Dataset >>
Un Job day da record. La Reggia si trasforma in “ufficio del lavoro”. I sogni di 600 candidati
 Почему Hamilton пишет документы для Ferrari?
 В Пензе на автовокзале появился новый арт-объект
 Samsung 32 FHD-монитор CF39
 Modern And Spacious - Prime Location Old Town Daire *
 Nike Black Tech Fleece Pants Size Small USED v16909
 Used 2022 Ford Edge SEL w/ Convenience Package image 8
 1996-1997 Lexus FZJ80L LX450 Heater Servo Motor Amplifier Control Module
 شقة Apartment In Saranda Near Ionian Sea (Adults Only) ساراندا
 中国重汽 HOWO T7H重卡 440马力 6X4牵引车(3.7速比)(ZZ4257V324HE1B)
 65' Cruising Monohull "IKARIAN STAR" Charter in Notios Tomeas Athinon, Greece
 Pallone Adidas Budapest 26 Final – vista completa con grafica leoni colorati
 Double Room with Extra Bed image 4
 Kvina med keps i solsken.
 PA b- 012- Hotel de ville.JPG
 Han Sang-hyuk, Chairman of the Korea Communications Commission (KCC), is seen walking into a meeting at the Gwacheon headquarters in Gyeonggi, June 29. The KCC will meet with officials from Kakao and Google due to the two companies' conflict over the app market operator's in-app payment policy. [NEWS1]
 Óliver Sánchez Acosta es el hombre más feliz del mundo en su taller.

Task requirements >> Gather up every line in the data above that contains the word "image", copying each one.

Answer to this problem >>
 Used 2022 Ford Edge SEL w/ Convenience Package image 8
 Double Room with Extra Bed image 4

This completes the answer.